Was Nostalgie doch alles bewirken kann…
Da befindet man sich mitten auf einem Rockfestival und plötzlich brüllen eingefleischte, langhaarige Rockfans mit Nietenjacken, Röhrenjeans tragende Britpopper mit modischen Frisuren und in anderen Sphären schwirrende Hippies textfest zu den Klängen von Scooter mit. Zugegeben, deren Texte bedürfen keiner sonderlich geisitigen Auffassungsgabe, aber Scooter? Kaum einer würde wohl freiwillig zugeben dazu abrocken zu können. Meine erste Intention war also: „Hilfe! Die spinnen!“ Aber dann sprang der Virus über und ich fragte mich: Was treibt eine so heterogene Masse an, einträchtig zu einer Band zu rocken, deren Musik man kaum als solche bezeichnen kann?
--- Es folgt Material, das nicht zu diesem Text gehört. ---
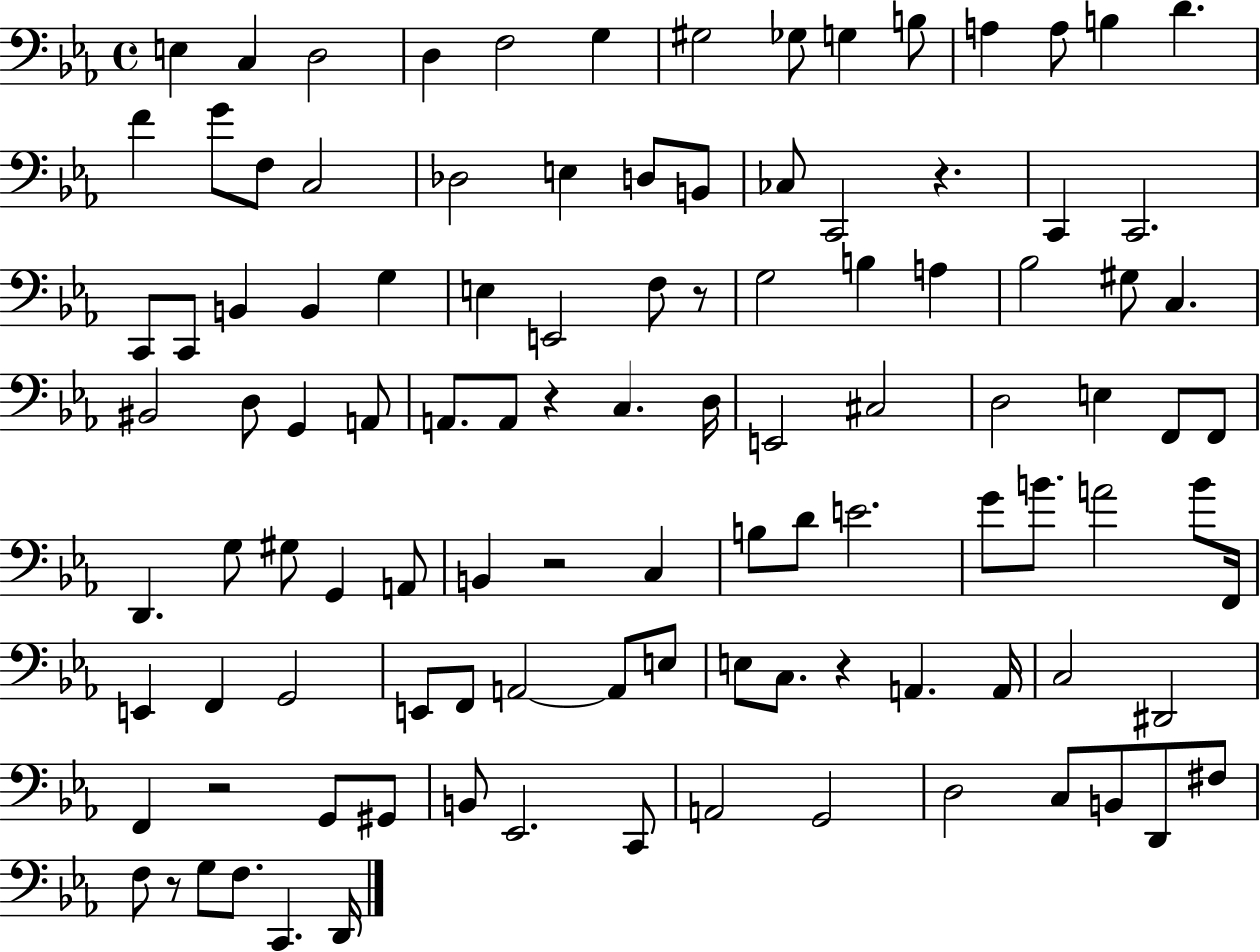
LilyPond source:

{
  \clef bass
  \time 4/4
  \defaultTimeSignature
  \key ees \major
  e4 c4 d2 | d4 f2 g4 | gis2 ges8 g4 b8 | a4 a8 b4 d'4. | \break f'4 g'8 f8 c2 | des2 e4 d8 b,8 | ces8 c,2 r4. | c,4 c,2. | \break c,8 c,8 b,4 b,4 g4 | e4 e,2 f8 r8 | g2 b4 a4 | bes2 gis8 c4. | \break bis,2 d8 g,4 a,8 | a,8. a,8 r4 c4. d16 | e,2 cis2 | d2 e4 f,8 f,8 | \break d,4. g8 gis8 g,4 a,8 | b,4 r2 c4 | b8 d'8 e'2. | g'8 b'8. a'2 b'8 f,16 | \break e,4 f,4 g,2 | e,8 f,8 a,2~~ a,8 e8 | e8 c8. r4 a,4. a,16 | c2 dis,2 | \break f,4 r2 g,8 gis,8 | b,8 ees,2. c,8 | a,2 g,2 | d2 c8 b,8 d,8 fis8 | \break f8 r8 g8 f8. c,4. d,16 | \bar "|."
}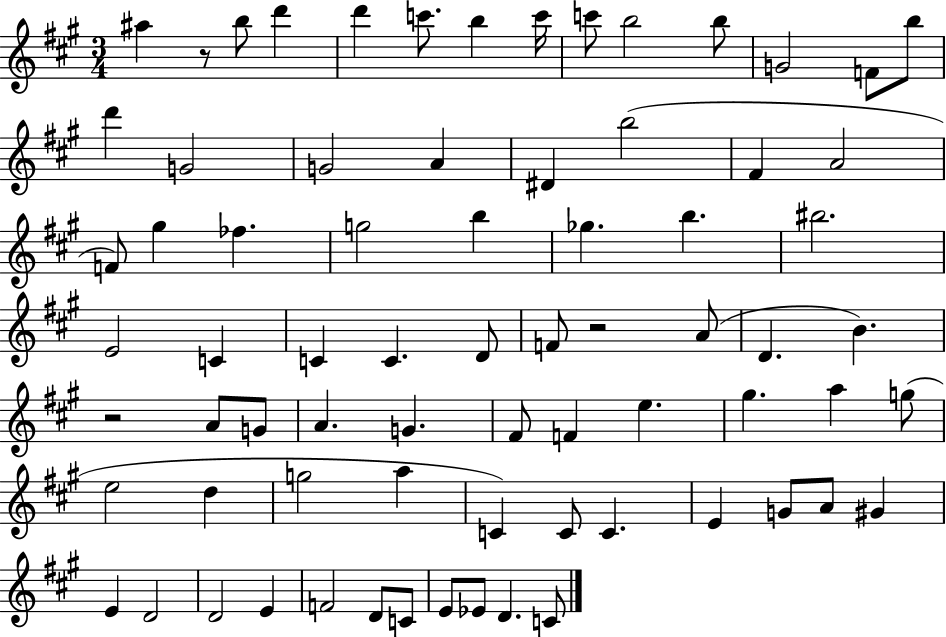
X:1
T:Untitled
M:3/4
L:1/4
K:A
^a z/2 b/2 d' d' c'/2 b c'/4 c'/2 b2 b/2 G2 F/2 b/2 d' G2 G2 A ^D b2 ^F A2 F/2 ^g _f g2 b _g b ^b2 E2 C C C D/2 F/2 z2 A/2 D B z2 A/2 G/2 A G ^F/2 F e ^g a g/2 e2 d g2 a C C/2 C E G/2 A/2 ^G E D2 D2 E F2 D/2 C/2 E/2 _E/2 D C/2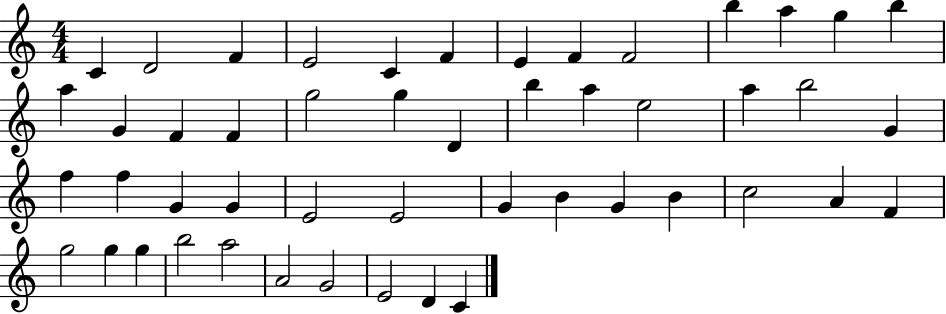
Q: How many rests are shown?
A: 0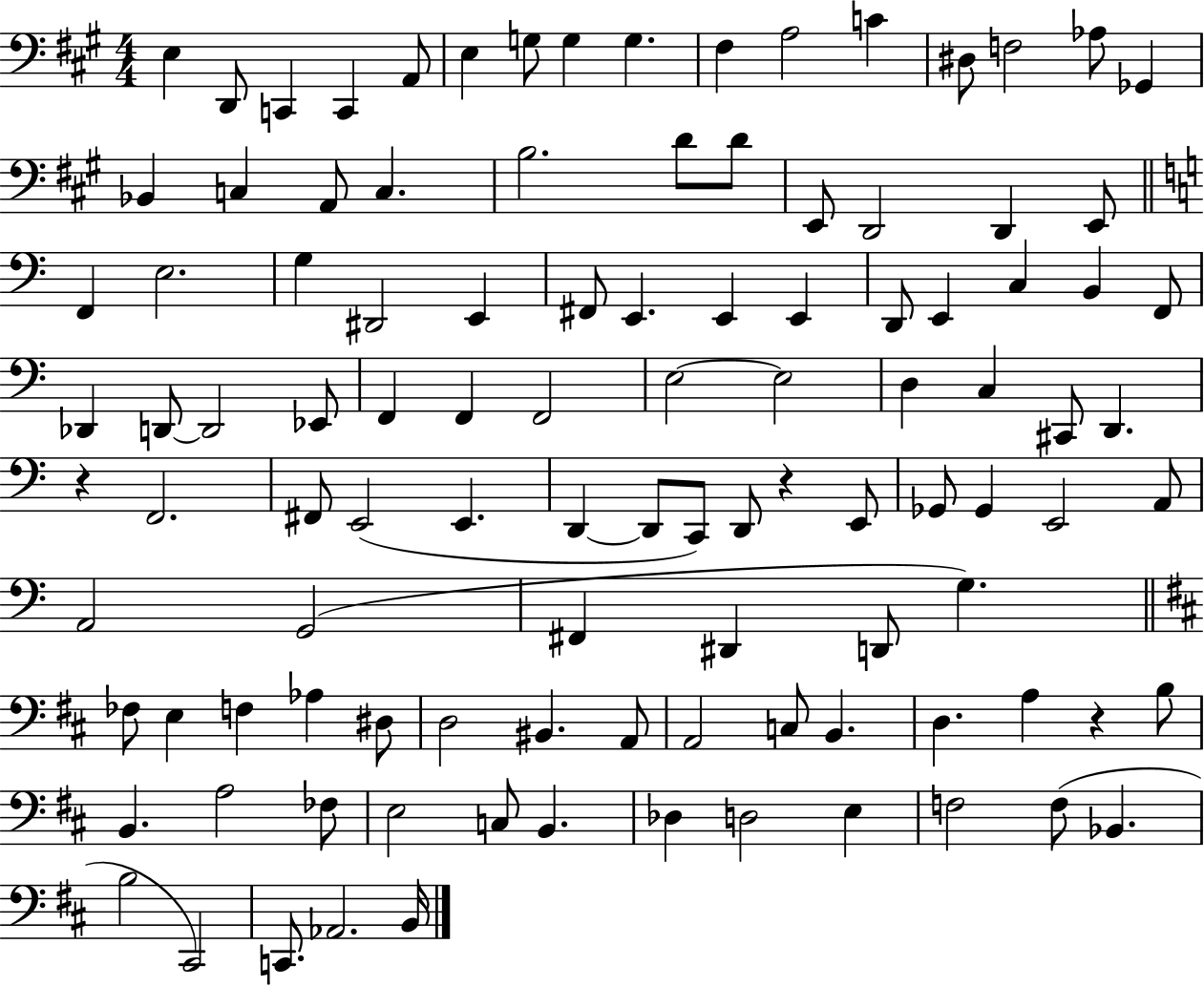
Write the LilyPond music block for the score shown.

{
  \clef bass
  \numericTimeSignature
  \time 4/4
  \key a \major
  e4 d,8 c,4 c,4 a,8 | e4 g8 g4 g4. | fis4 a2 c'4 | dis8 f2 aes8 ges,4 | \break bes,4 c4 a,8 c4. | b2. d'8 d'8 | e,8 d,2 d,4 e,8 | \bar "||" \break \key c \major f,4 e2. | g4 dis,2 e,4 | fis,8 e,4. e,4 e,4 | d,8 e,4 c4 b,4 f,8 | \break des,4 d,8~~ d,2 ees,8 | f,4 f,4 f,2 | e2~~ e2 | d4 c4 cis,8 d,4. | \break r4 f,2. | fis,8 e,2( e,4. | d,4~~ d,8 c,8) d,8 r4 e,8 | ges,8 ges,4 e,2 a,8 | \break a,2 g,2( | fis,4 dis,4 d,8 g4.) | \bar "||" \break \key d \major fes8 e4 f4 aes4 dis8 | d2 bis,4. a,8 | a,2 c8 b,4. | d4. a4 r4 b8 | \break b,4. a2 fes8 | e2 c8 b,4. | des4 d2 e4 | f2 f8( bes,4. | \break b2 cis,2) | c,8. aes,2. b,16 | \bar "|."
}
Ich stand also inmitten dieser wogenden Masse aus Rockern, Poppern, Hoppern und Hippies und von allen Seiten brüllte es in mein Ohr „döp döp döp dödödöp döp döp, döp döp döp dödödöp döp döp“. Lichtfetzen fegten über die Masse und tauchten das Publikum abwechselnd in gleißendes Licht und schwarze Nacht. Und ich sah mir ihre Gesichter an. Sie verrieten kindliche Freude. Das Leuchten in ihren Augen erzählte von Erinnerungen an bereits vergangene Tage. Grundschulzeit. Nostalgie! Die Masse sprang. Die Masse tobte. Und ich grinste. Ich konnte einfach nichts dagegen tun. Die Situation war so absurd und irgendwie auch magisch. Marionettengleich zog es also meine Mundwinkel nach oben. Mein Herz begann beim Anblick dieser ausgelebten Kindheitserinnerungen zu hüpfen, es breitete sich ein wohliges Gefühl in mir aus und schließlich hüpfte auch ich. Mit der Masse. Einträchtig. Zu einer Band die ich sonst nie hören würde, wie wohl auch all die Anderen. Aber ja, es hatte etwas Nostalgisches. Da konnte auch der einsetztende Regen nichts daran ändern. Die Masse tanzte frenetisch weiter. Extatisch wurde nun „Hyper Hyper“ in mein Ohr gegrölt und jegliche Scham (zu Scooter abzurocken) wich dem Gefühl in eine andere Zeit gerutscht zu sein. In die Zeit von Zahnspange und Pickel. Und plötzlich befand man sich genau wieder in dieser Zeit und sprang mit kindlichem Elan auf und ab. Kümmerte sich nicht um die vermeintlich skeptischen Blicke des Nachbarn. Musste man auch nicht, denn schießlich sprang auch der. Alles was da war, war der Bass der durch den Körper vibrierte und das gemeinsame Gefühl der ausgelebten Nostalgie. „Abspacken“. Loslassen. Noch einmal Teenager sein ;)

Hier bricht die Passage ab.